As we get out of the present and move into the future, technology will continue to fuel speed and accuracy across many asset classes and verticals especially those that push massive amounts of paper, are inefficient, and inundated with manual touch points. Fintechs will continue to automate the financial infrastructure stack across data aggregation e.g. Plaid, data capture via folks like ABBYY or Instabase, RPA via UI Path or Kryon, and at their intersection like Ocrolus, by parsing and analyzing data and risk profiles faster than ever before, resulting in more opportunities to serve the end user with faster, better, and cheaper alternatives. With the growth of innovative financial structures like ISAs (Income shared agreements), we will continue to capture higher granularity of which we can price risk that becomes more personalized and tailored to a unique set of needs. Technology will change the traditional processes by unlocking different capital stacks and risk profiles allowing for more accessibility, faster and better pricing, a more refined customer experience and ultimately more value creation.

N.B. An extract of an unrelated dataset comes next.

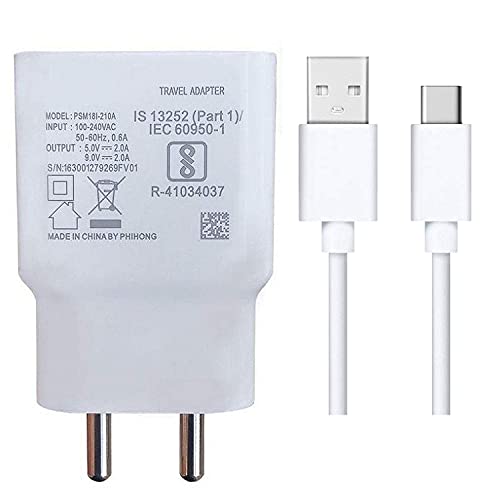 Image of 5W to 18W Charger for Vivo Y21T / Y 21 T Charger Original Adapter Like Wall Charger | Mobile Charger | Fast Charger | Android USB Charger With 1 Meter USB Type C Charging Data Cable (3 Amp, TVI4, White)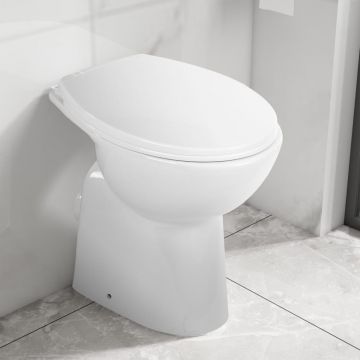 Vas WC fără ramă inchidere silențioasă + 7 cm alb ceramică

We see this across education, with the Lambda school, home buying with folks like Landed and Ribbon, and insurance companies like Health IQ. Old school credit scores will no longer be of value. Health and life insurance won’t be dictated based on your age, but rather your microbiome and daily activity. Whether you need to be accredited in order to invest in privates, really a test of wealth rather than sophistication, will be a time of the past, just like getting your payroll settled T+14 vs. T+0, or approved for credit because you consistently charge your iPhone overnight. With the ability to structure and unlock risk profiles and pools at this granular level, we open up access, liquidity, transparency and value across these historically illiquid, private or even non-existent asset classes. We need to ask, why have things been done this way, down to their root causes, and where do they sit within the spectrum of private vs. public, regulated vs. unregulated, and tangible vs. intangible? Then we must ask, how do we cut through and capture value / surplus at their most singular, intrinsic states across these spectrums. By leveraging technology to unlock value and add liquidity to these newly discoverable assets, we can then index them and make them more efficient, accessible, personalized, and beneficial for all those involved. The world is so bright.